メガソーラーで発電した電気は東京電力へ全量売電していることから、残り23%をキャンパスでの省エネと再生可能エネルギーの創エネによって賄うことができれば、再エネ発電100%達成となる。なお、後述のように、2019年8月以降は、電力伝達でも100%を達成している。
「思ったより高かったので、これはいける。“自然エネルギー100%大学”を目指せると考えました」(原科氏)。
前職の東京工業大学に在籍していた2011年に、再エネ導入を学長らと議論した経験も後押しした。電力使用量が多い理系の東工大では結果的に断念したが、文系の千葉商科大学であれば見込があると考えたのだ。
「鮎川先生ですら最初は無理だと言いましたが、すぐに切り替えて協力してくれました。そこで、2015年には外部専門家として、サステナジー(当時)の山口勝洋氏の協力により経済産業省の補助金を得て、省エネ・創エネの可能性調査を行いました」(原科氏)。
また「ハートウェア」を盛り上げる上でも、「自然エネルギー100%大学」という分かりやすいキーワードがあることの意義は大きかったようだ。
「自然エネルギー100%大学」の横断幕がかかげられたキャンパス
「再エネ100%大学」実現に着手
2017年に学長に就任した原科氏は、同年11月、“自然エネルギー100%大学”を目指す二段階の環境目標を学外に宣言。

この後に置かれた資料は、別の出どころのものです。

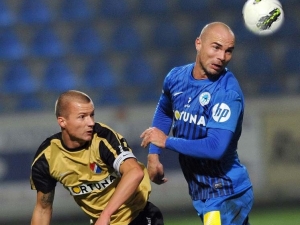Ideální jedenáctka 11. kola GL: Veterán Nezmar je stále kanonýrem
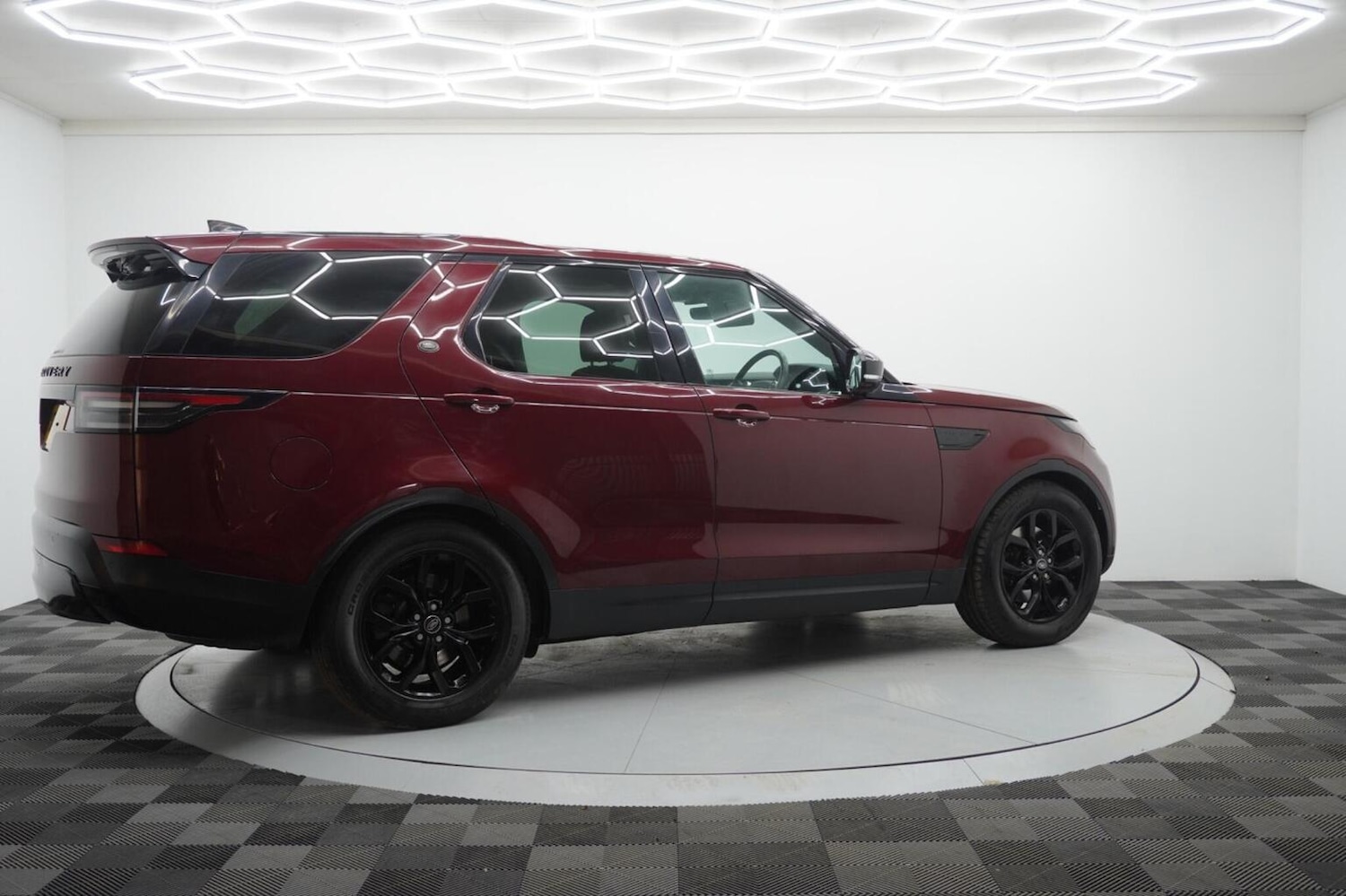 Used Land Rover Discovery 2017 for sale - 77207541: Photo 23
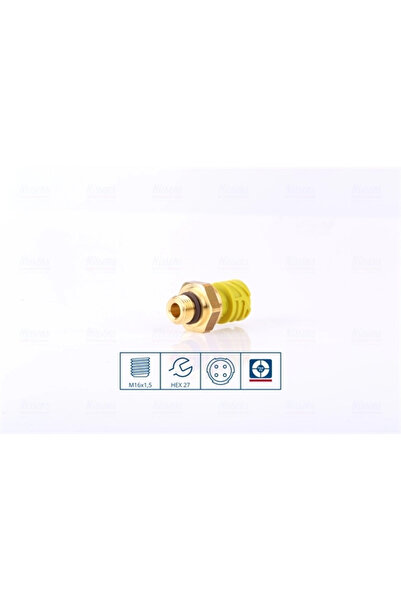 Nissens Comutator Presiune Aer Conditionat Renault Trucks C Volvo Fh/Fm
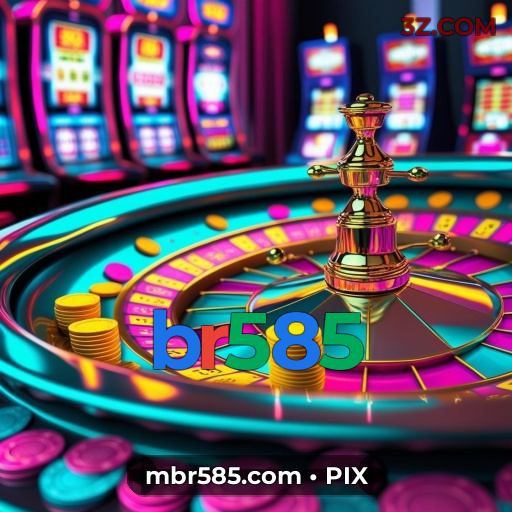 Recursos Paga do br585: Experiência de Jogo Elevada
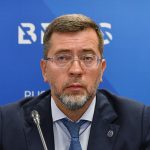 Андрей Храпов, заместитель министра внутренних дел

この場合の「100%」とは、第一段階の目標では、キャンパスで使用する電力量と太陽光発電所で創り出す電力量を同量にするという意味合いだ。
残りの23%のギャップを埋めるため、設備改善の検討に着手。高効率な設備導入をはじめ、いくつもの手段を検討した結果、最も費用対効果が高い取り組みはLED照明の導入だと分かった。
LED化の費用は、一部空調を除くエネルギー使用量を見える化したEMS(エネルギーマネジメントシステム)等の導入もあわせて、約3億7000万円。資金は、千葉商科大学のエネルギー事業を支援するCUCエネルギー株式会社が、経産省の補助金1億1000万を活用した。
同社は2016年に同大有志らが地域エネルギー事業者として設立。同大の「自然エネルギー100%大学」の達成に向けたエネルギー・サービス事業を展開するための事業を行っている。
同大は、同社経由で15年のリース契約を結んだことで、費用負担を大きく減らした。
「4年間の下ごしらえがあったから進めることができました。その間の様々な活動の結果、学内での基本的な合意ができていました。学長になっていきなりという感じであれば無理だったと思います」(原科氏)。
千葉商科大学による省エネ・環境施策の全体像
省エネへのかかわり方は様々、多様性を重視
また2013年に公開講座の実施から始まった原科氏主導の「ハートウェア」施策だが、学生による代表的な取り組みが、学生団体SONE(Student Organization for Natural Energy)だ。
2018年3月に立ち上がったSONEは、環境問題や省エネなどに関心を持つ学生20名ほどで構成された。現在は6名のメンバーが活動している。
もちろん省エネのプロではないが、その取り組みは本格的だ。
たとえばキャンパス内にある一部の自動販売機の省エネ改善を大学側に提案した件。38台ある自販機ごとの販売量や消費電力を調べあげた上で、不要な自販機の撤去などを大学へ提案したのだ。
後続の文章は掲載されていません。